Here's a little bit of an update. Nothing profound. Lots mundane. But this blog is my siphon.
The new med my daughter started a few weeks ago is showing signs that it's working to treat her depression. It's hard to say whether it's the med or the fact that I've been doing my level best to keep the home environment stress-free, but the doctor was able to see a difference at our last appointment -- more engaged, cracked a couple of jokes, shared some ideas, or, if you prefer, less hopeless, less tuned out, less irritable, less disinterested. This is a really good thing.
However, much as I like the effects, a pill isn't going to fix the thought processes that underlie the behaviors. We're in for some serious CBT work. My daughter is the one who has to do the work of changing the thoughts to change the feelings to change the behaviors. I would do it for her if I could, but I can't, and until she's operating on a level field, she can't do it, either. Come on, Week 6! Let's see the full dose do what it's supposed to do so that this beautiful child can see the joy joy in life!

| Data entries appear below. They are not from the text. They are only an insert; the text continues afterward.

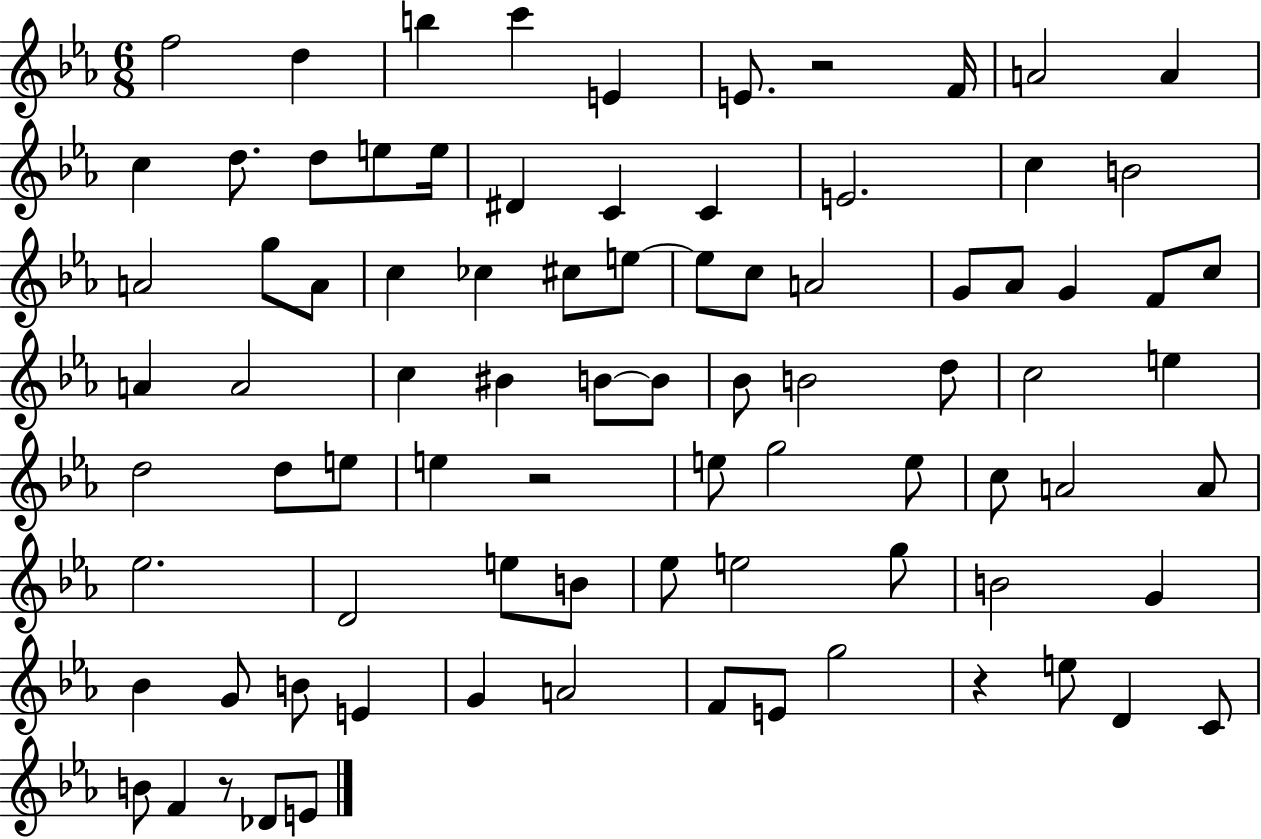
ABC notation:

X:1
T:Untitled
M:6/8
L:1/4
K:Eb
f2 d b c' E E/2 z2 F/4 A2 A c d/2 d/2 e/2 e/4 ^D C C E2 c B2 A2 g/2 A/2 c _c ^c/2 e/2 e/2 c/2 A2 G/2 _A/2 G F/2 c/2 A A2 c ^B B/2 B/2 _B/2 B2 d/2 c2 e d2 d/2 e/2 e z2 e/2 g2 e/2 c/2 A2 A/2 _e2 D2 e/2 B/2 _e/2 e2 g/2 B2 G _B G/2 B/2 E G A2 F/2 E/2 g2 z e/2 D C/2 B/2 F z/2 _D/2 E/2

Despite my best hopes for this drug and the improvement we've seen to date, we still have what I call ugly behavior in my house. Tonight was quite the example, only this time it brought out the hopelessness my son feels that his sister will ever "get better." She's crying and bleeding; he's distressed and bruised. Neither can see the other one's side, and I'm left to sort out the mess because we just can't keep on like this.
We had a reasonable family confab. No voices were raised, no blows exchanged. A plan was laid out. We'll see what comes of it.
Quite the emotional roller coaster here. And school starts in three days.